I Shall Wear Midnight (book #103)

23 May 2011

Terry Pratchett, 2010.

Mysterious omens could wait. Witches knew that mysterious omens were around all the time. The world was nearly always drowing in mysterious omens. You just had to pick the one that was convenient.

and “‘there are times when ye should stick your head up a duck’s bottom rather than talk'”.

A book about responsibility, scheduling, and the odd bit of magical happenings.

The songs sung at the Baron’s funeral are: The Larks They Sang Melodious (also known as Pleasant and Delightful and as Charming and Delightful). YouTube. Dance, Dance, The Shaking of the Sheets (link has interesting reference to variant by William Cobbold, 16th/17th century composer). Dull version by Faran Flad here. Down in the Valley. Lyrics. Rather plodding YouTube.

Nemesis (book #92)

3 January 2011

Lindsay Davis, 2010.

“For a workable escape you need a plan, a budget, detailed road maps, a stout stick, proper footwear and a good hat.”

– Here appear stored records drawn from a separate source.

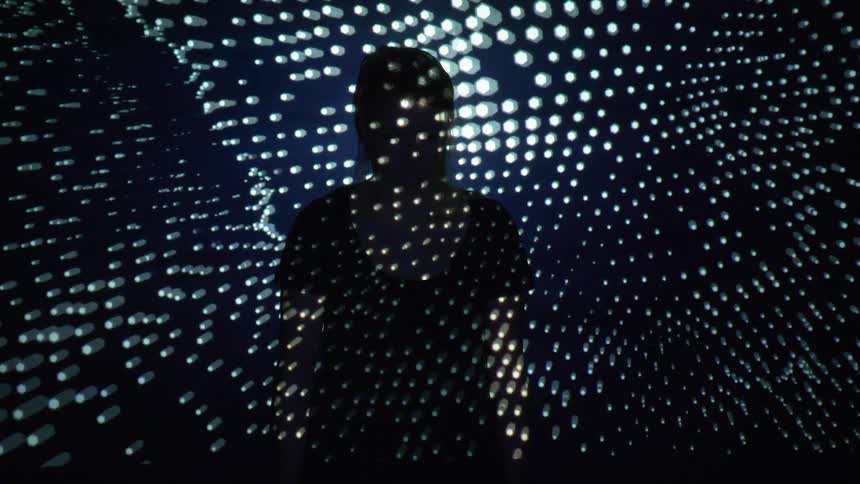Abstract light patterns are being projected onto a person in a dark room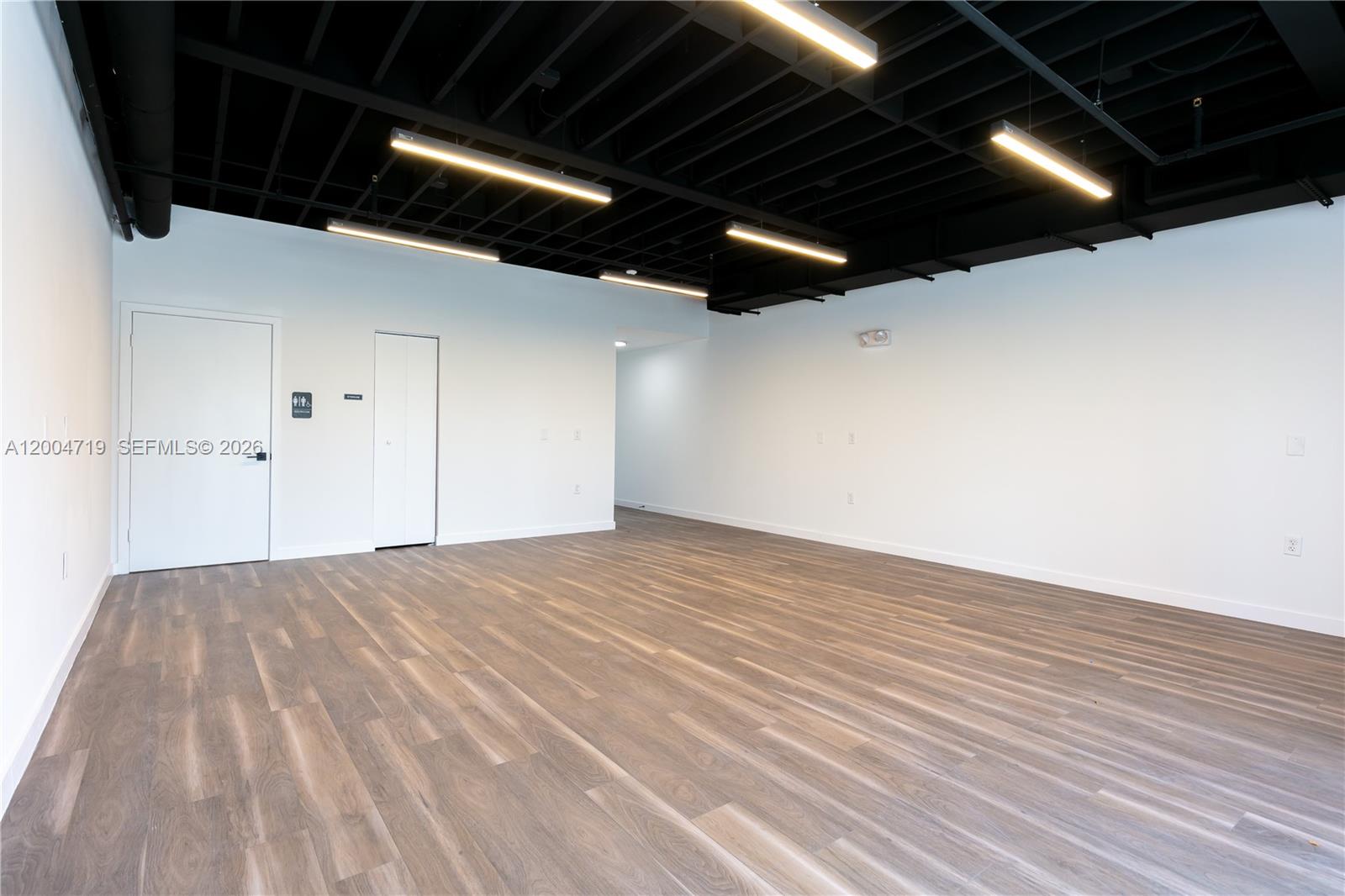 An empty room features white walls, wood-look flooring, and a black exposed ceiling with lights — 7265 NW 74th St # 6, Medley FL 33166, MEDLEY, FL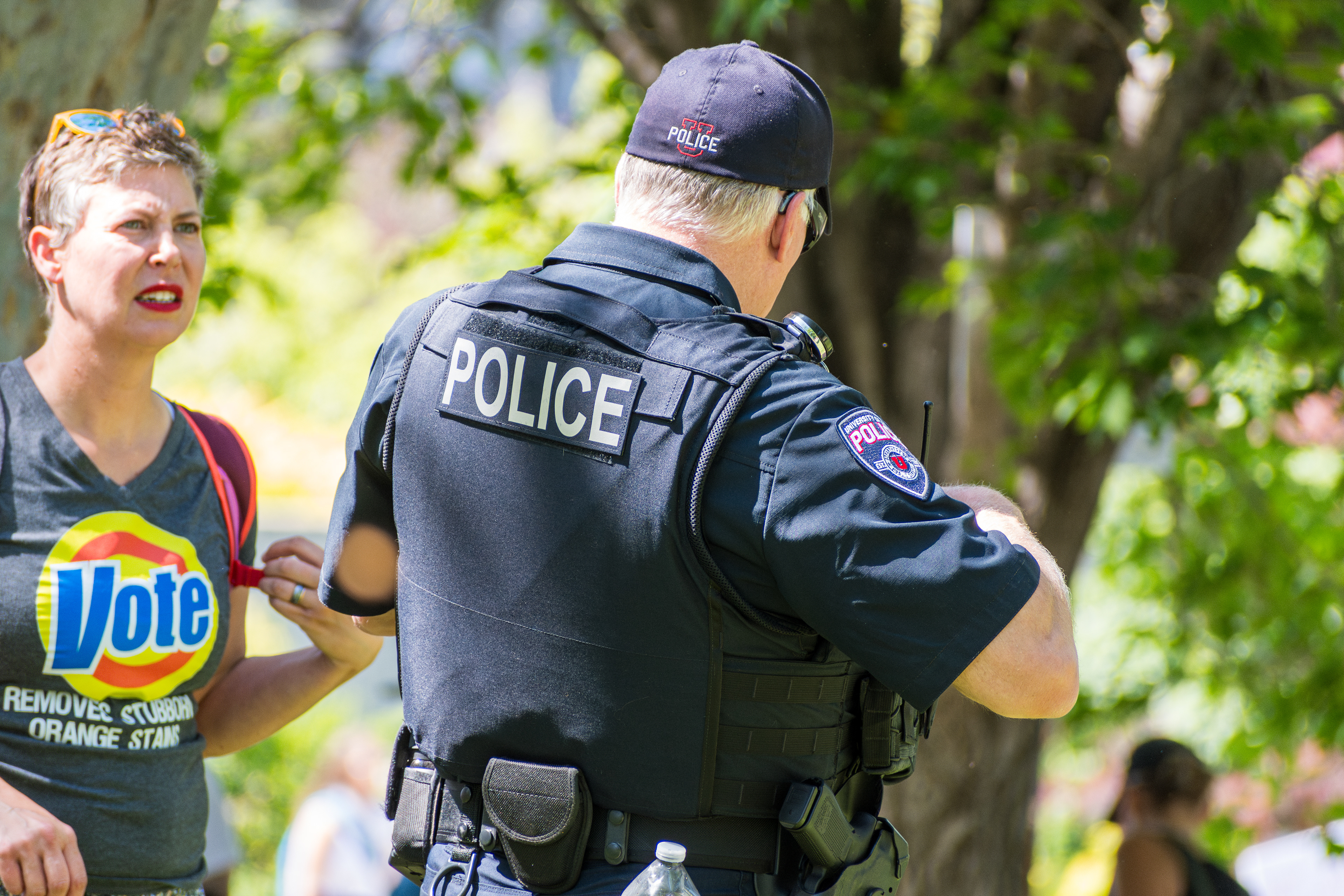 SALT LAKE CITY, UTAH – JUNE 14, 2025: A police officer speaks with an attendee during the “No Kings” protest at the University of Utah. Officers maintained a visible presence throughout the demonstration to ensure public safety.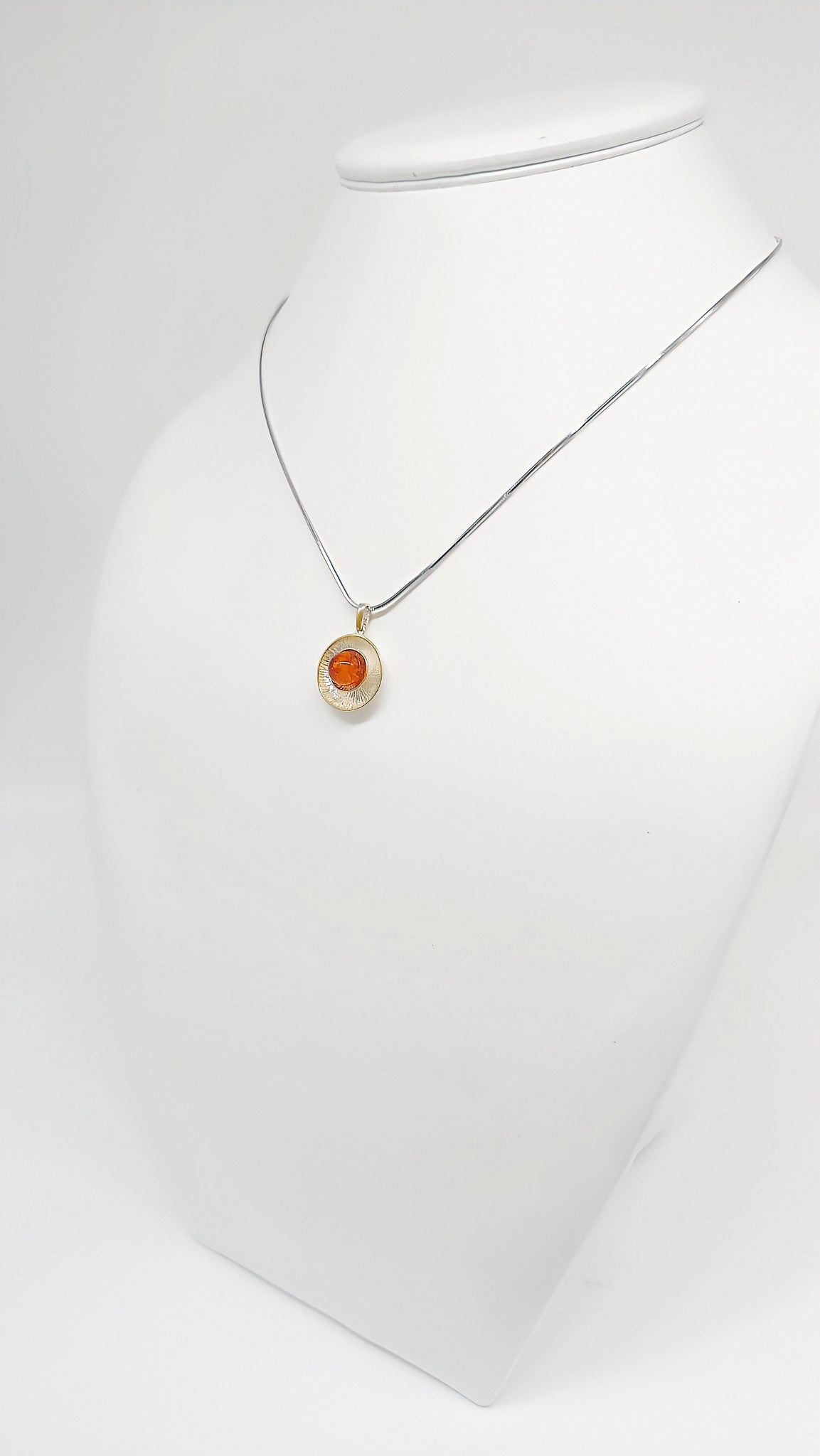 Stylish pendant made of silver, amber and gold-plated details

The Body in the Moonlight (book #85)

1 November 2010

Katherine Hall Page, 2002.

This is darker than this series usually runs. I thought that Faith was going to find she was ill, with the references to her mind wandering. Turns out to be emotional stuff of course.

I liked the sound of the books by Veronica Brookside: “a hard-boiled series that featured a foul-mouthed female former librarian turned private detective who could hit a knothole at seventy-five feet while quoting the ruder parts of the Canterbury Tales“.

Also, I urgently need to cook Doughnut Muffins.

Interesting hymm quoted – I Sing a Song of the Saints of God, written by an English woman, Lesbia Scott, in 1929.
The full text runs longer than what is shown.